Swami Vivekananda

Consistent line endings in ASCII files

02 May 2021 - fubar - Sreekar Guddeti

git-Logo In the circumstance of developing parallelly from a native Windows and virtual Windows Subsystem for Linux, we need a consistent way of ending the lines in ASCII files.

Introduction

The default line ending for Windows ASCII text files is a sequence of characters Carriage Return(CR) followed by LineFeed (LF) jointly referred as CRLF, whereas on Linux, ASCII text files have lines ending with only LF character. When the source code files are maintained by versioning system like Git and the development of the code happens on both Windows and Linux systems, We need a consistent way of pushing cross-platform commits to the central repository.

Git on WSL

Starting with Windows Subsystem on Linux (WSL), there is a tendency to develop parallelly either using the native environments on Windows like (Atom+ Git For Windows) workflow or using the subsystem environment on WSL like (nano + git) workflow.

Mixing the development timeline across native or subsystem can lead to mess up with respect to line endings in the source code.

To illustrate such a mess up, consider the following situation.

Git on Windows

Let us clone the GitHub repo (short for repository) into the Windows filesystem using Git For Windows. The Git version is

$ git --version
git version 2.31.1.windows.1

The default Git configuration option related to handling line ending is

$ git config core.autocrlf
true

So when we clone a repository, Git Bash does an auto conversion of line endings if the remote repository has Linux line endings.
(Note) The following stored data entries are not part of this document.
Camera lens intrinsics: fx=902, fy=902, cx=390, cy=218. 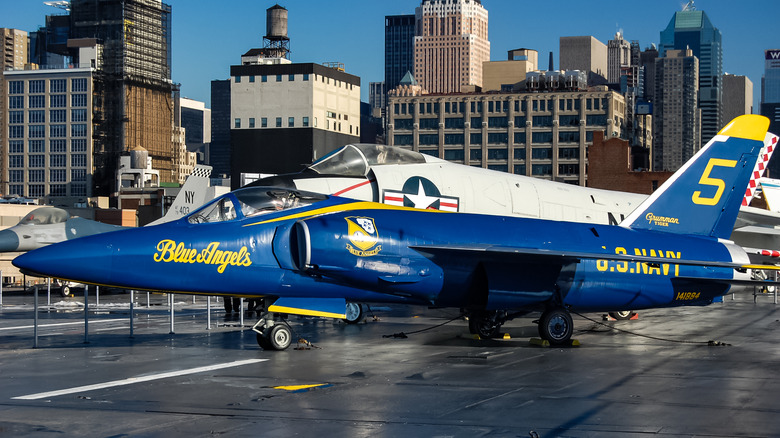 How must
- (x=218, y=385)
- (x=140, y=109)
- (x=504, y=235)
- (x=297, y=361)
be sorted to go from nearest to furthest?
1. (x=218, y=385)
2. (x=297, y=361)
3. (x=504, y=235)
4. (x=140, y=109)

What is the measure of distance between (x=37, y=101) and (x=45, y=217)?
170887 millimetres

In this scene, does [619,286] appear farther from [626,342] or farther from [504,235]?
[504,235]

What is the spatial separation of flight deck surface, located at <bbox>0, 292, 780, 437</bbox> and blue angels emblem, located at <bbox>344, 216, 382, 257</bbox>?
6.34ft

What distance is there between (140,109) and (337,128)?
53.1 meters

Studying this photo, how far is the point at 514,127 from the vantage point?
6644 inches

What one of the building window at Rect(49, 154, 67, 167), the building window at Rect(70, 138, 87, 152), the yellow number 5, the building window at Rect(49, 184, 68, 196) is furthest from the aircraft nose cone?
the building window at Rect(49, 184, 68, 196)

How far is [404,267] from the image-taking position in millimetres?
17172

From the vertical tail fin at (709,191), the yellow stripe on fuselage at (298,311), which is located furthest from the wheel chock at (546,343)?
the yellow stripe on fuselage at (298,311)

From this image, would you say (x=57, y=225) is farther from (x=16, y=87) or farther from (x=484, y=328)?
(x=16, y=87)

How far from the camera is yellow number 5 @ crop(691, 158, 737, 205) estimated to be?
2077 centimetres

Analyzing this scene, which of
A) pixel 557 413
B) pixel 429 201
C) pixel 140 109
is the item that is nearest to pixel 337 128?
pixel 140 109

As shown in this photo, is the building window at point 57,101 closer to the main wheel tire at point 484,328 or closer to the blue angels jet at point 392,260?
the main wheel tire at point 484,328

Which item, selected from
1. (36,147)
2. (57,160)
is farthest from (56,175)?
(36,147)

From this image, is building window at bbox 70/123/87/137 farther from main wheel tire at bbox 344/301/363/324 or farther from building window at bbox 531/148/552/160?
main wheel tire at bbox 344/301/363/324
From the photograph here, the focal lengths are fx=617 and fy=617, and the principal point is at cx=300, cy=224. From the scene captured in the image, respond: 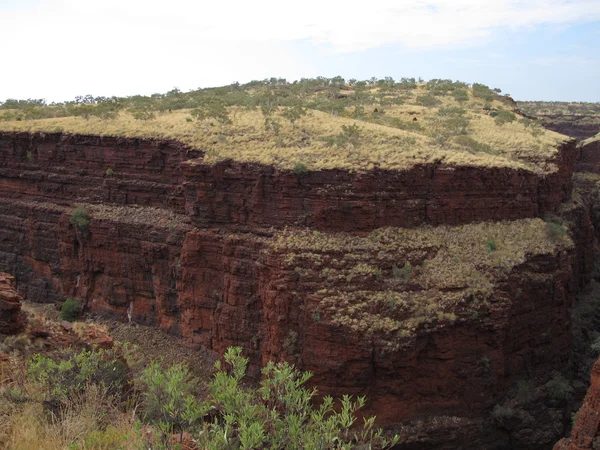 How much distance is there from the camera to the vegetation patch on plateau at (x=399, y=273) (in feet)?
63.1

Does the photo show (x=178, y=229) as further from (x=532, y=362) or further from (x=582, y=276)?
(x=582, y=276)

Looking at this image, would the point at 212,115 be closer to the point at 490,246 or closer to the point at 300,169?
the point at 300,169

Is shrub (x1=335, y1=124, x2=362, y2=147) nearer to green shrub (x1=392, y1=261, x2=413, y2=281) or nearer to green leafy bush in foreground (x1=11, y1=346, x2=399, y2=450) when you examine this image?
green shrub (x1=392, y1=261, x2=413, y2=281)

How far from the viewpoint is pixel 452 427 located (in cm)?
1961

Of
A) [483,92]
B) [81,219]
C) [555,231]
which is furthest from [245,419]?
[483,92]

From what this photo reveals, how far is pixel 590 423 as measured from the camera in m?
11.8

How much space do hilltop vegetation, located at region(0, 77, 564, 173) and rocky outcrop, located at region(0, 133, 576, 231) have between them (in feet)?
1.75

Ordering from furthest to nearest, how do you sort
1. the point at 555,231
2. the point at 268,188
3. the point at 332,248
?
the point at 555,231 < the point at 268,188 < the point at 332,248

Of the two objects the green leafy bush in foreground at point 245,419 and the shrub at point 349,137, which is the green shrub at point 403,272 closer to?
the shrub at point 349,137

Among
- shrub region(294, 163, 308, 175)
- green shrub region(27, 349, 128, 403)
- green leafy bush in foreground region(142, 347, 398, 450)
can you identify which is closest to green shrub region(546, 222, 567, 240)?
shrub region(294, 163, 308, 175)

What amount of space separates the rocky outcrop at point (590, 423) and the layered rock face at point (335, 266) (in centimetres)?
721

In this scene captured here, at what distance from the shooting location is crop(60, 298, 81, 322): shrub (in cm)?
2712

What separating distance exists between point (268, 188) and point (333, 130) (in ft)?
20.3

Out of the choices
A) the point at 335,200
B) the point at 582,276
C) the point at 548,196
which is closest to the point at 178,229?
the point at 335,200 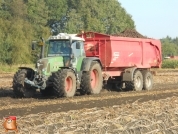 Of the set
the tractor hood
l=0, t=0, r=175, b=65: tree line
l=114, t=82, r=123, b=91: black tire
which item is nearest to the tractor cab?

Now let us clone using Git Bash into both the host NTFS and virtual Linux distribution ext filesystem.

Clone into NTFS

Let us clone the GitHub repository into E drive at MyGitHub directory at NN_Cloned_By_Windows_Git.

fubar@desktop-fubar MINGW64 /e/Databases/GitHub/MyGitHub
$ git clone https://github.com/Baalkikhaal/NeuralNetworks.git NN_Cloned_By_Windows_Git
Cloning into 'NN_Cloned_By_Windows_Git'...
remote: Enumerating objects: 12, done.
remote: Counting objects: 100% (12/12), done.
remote: Compressing objects: 100% (10/10), done.
remote: Total 12 (delta 0), reused 8 (delta 0), pack-reused 0
Receiving objects: 100% (12/12), 15.38 KiB | 3.84 MiB/s, done.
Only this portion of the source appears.